ARCH experiences 'remarkable transformation' under new operators

Last summer, the City of Austin approved a change and operators for the Austin Resource Center for the Homeless (ARCH).

The California-based nonprofit, Urban Alchemy, took over shelter operations in October, ending a near 20-year city partnership with Front Steps. 

In a recent article by the Austin Monitor, the Downtown Austin Alliance was quoted as saying, since the change, the ARCH has experienced, "remarkable transformation."

Bill Brice, vice president of Investor Relations for the Downtown Austin Alliance, joined FOX 7 Austin's Rebecca Thomas to discuss.

Bill Brice: Thanks for having me on.

Rebecca Thomas: Bill, in that article, you applauded Urban Alchemy as progress on behalf of the Alliance. Can you expand on that? What type of progress have you seen with the ARCH? What have they done better than the previous operator over the last three months?

Bill Brice: The changes that have taken place both inside and outside the ARCH facility really appear to be nothing short of remarkable. Downtown Austin Alliance and many of its board members were at the ARCH facility December 1st for a tour and a meeting there with the staff running the facility now. And the changes both inside and out are really stunning. I think for most of the public, people would probably see the changes that have taken place outside more than inside. Outside today, unlike for more than a decade. There are no people camping, loitering, sitting in, lying on the sidewalks with illegal behavior such as narcotics or drug dealing and other things happening out there. Inside the facility, the changes are equally remarkable, where the physical space has been transformed to increase programmable space, shelter space.
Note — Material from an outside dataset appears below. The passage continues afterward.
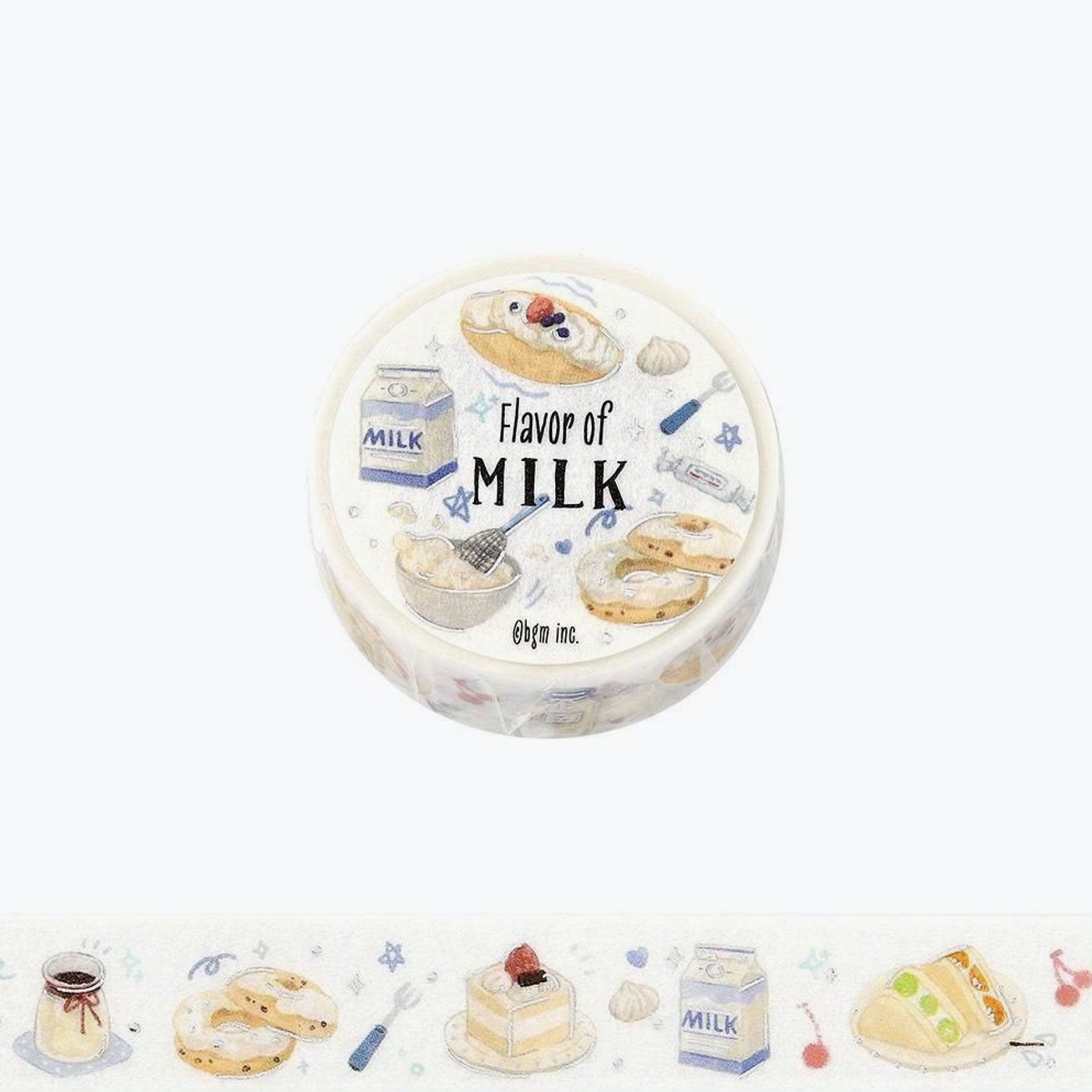 BGM - Washi Tape - Flavor of - Milk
The ARCH is now sleeping at capacity 135 people every night, and they also have a waiting list of over 125 people who want to get into the facility. These changes are remarkable, and this is really important because Downtown Austin, like most other major cities, has the largest concentration of people experiencing homelessness of anywhere across the city. And we really need and always have wanted ARCH to operate maximally to better serve the needs of people experiencing homelessness, but also to really fit into downtown and be as clean, safe and welcoming as everywhere else downtown.
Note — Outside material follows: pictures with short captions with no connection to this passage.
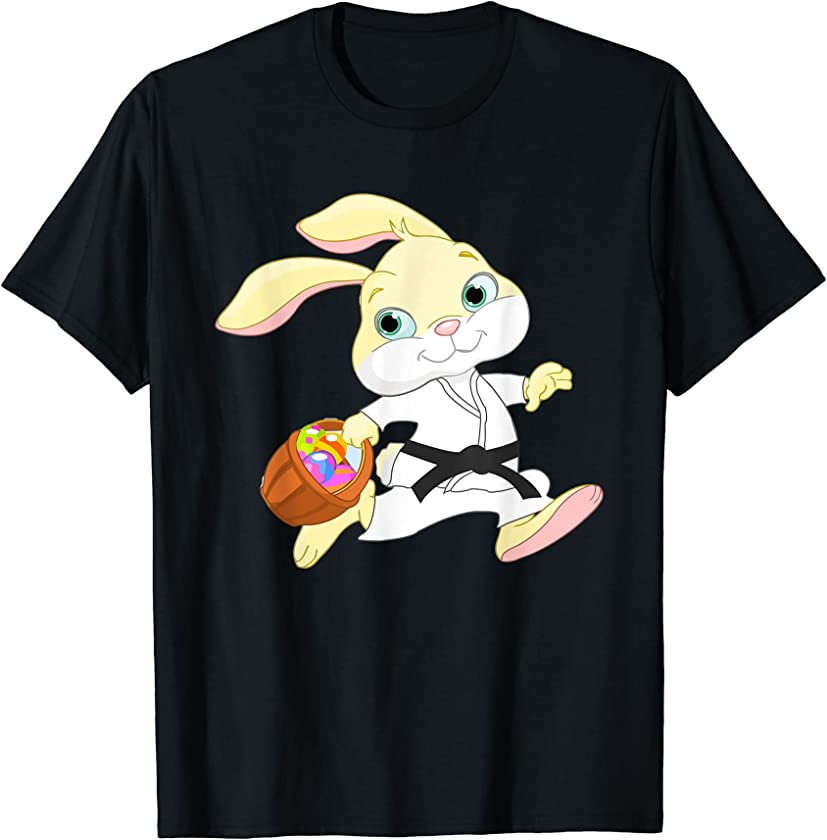 Karate Easter Bunny & Chick. Egg Hunt – Easter Day Hunt T-Shirt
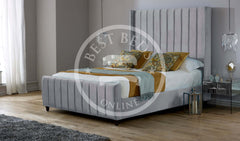 Silver Saline Upholstered Bed Frame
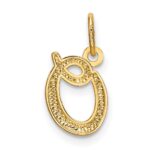 14k Yellow Gold Letter O Initial Charm - Image 3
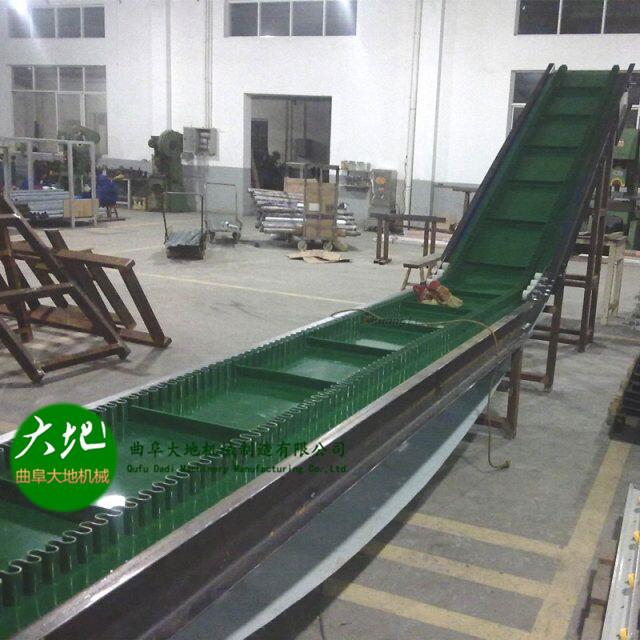 长距离石料运输装车皮带机大倾角皮带输送机装车皮带输送机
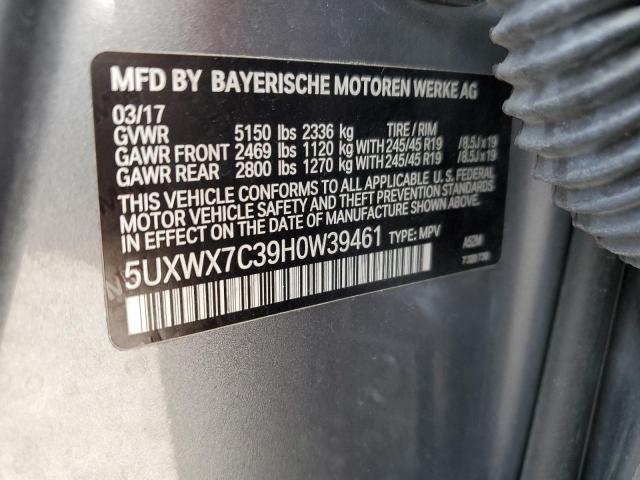 5UXWX7C39H0W39461 BMW X3 Xdrive35i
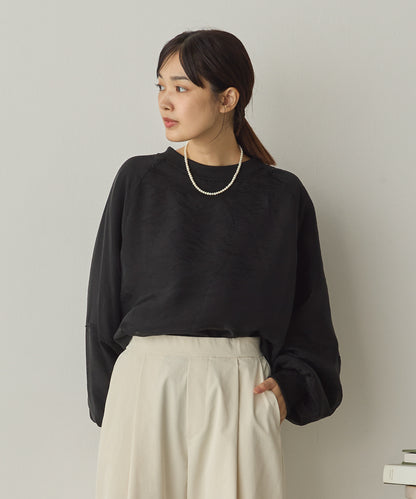 オーガンジーレイヤードボリューム袖プルオーバー[1325-6156]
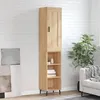 Image de Buffet Haut Chêne Sonoma 34,5x34x180 Cm Bois D'ingénierie Vidaxl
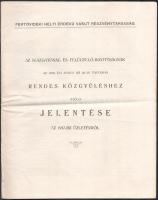 1918 Fertővidéki Helyi Érdekű Vasút Részvénytársaság igazgatóságának és felügyelőbizottságának jelentése az 1917-es évről, 19p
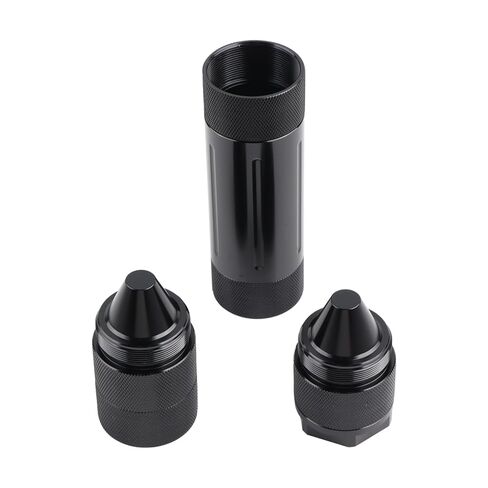 FEIDKS 1.375''X24 Aluminum Alloy Black Cone Shaped Parts Compatible with Sealed End Cap (Pack of 12) in Saudi Arabia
Rebecca Thomas: Where do you see opportunities for improvement at the ARCH, or do you know of any changes that are coming down the pike?
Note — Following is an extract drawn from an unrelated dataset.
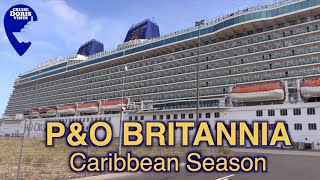 Discover the PampO Britannia on its Caribbean season  ship and port guide [upl. by Elvis]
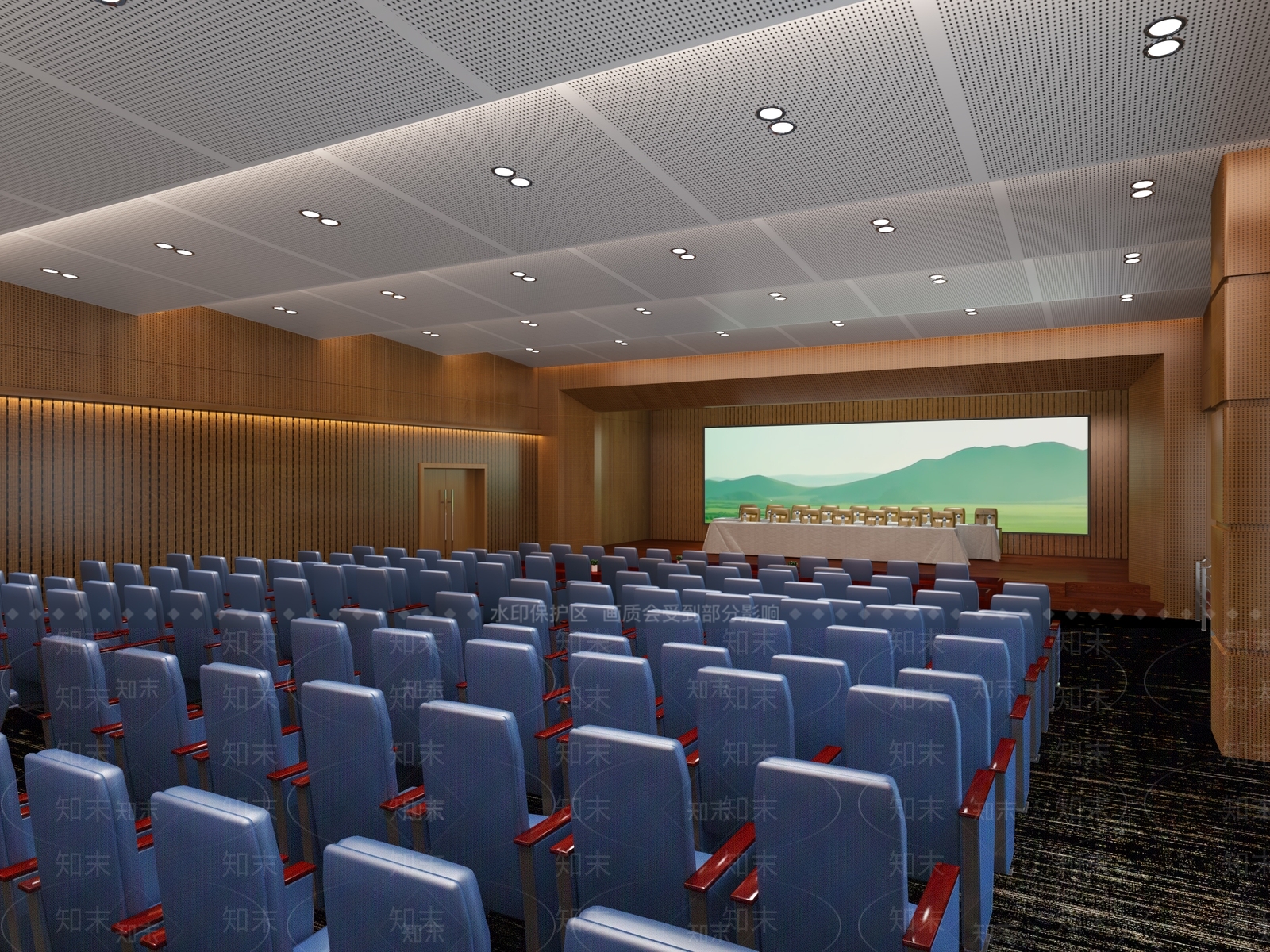 现代报告厅3D模型下载【ID:798965836】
Bill Brice: The changes that have taken place since the new operator took over I think are what's most important to focus on, simply meaning that people want to get into the ARCH now the area is safe. That's so important for people who are in need of homeless social services. For that area to be dangerous and for people to want to avoid it is not what we want and need. We want the place to be welcoming and desirable. When you walk through the front door of the facility today, unlike in the past, you're no longer greeted by having to walk through a metal detector. The staff there, the practitioners, are people with lived experience. They are, in their own words, loving on people, making ARCH a welcoming facility and making it a place that people want to be. But it's also very effective. One of the things that's happened over the last three months is that 24 people have been housed who have access to services and shelter at ARCH. That's more than the total number of people that were housed in the first two quarters of the last fiscal year under the prior operator. The one improvement that I think could be made is in the city operated homeless shelter hotels. There are housing dollars attached with those facilities to move people through those facilities where the shelter itself does not become a dead end or semi-permanent location. That funding does not exist with ARCH. I think it's important that the city take a look in the future as to how housing dollars could be attached with that facility. So that again becomes a place that people can move through, not go to as a dead end.

Rebecca Thomas: All right. We are out of time. Bill Brice with the Downtown Austin Alliance, thank you so much for sharing your time and perspective with us tonight.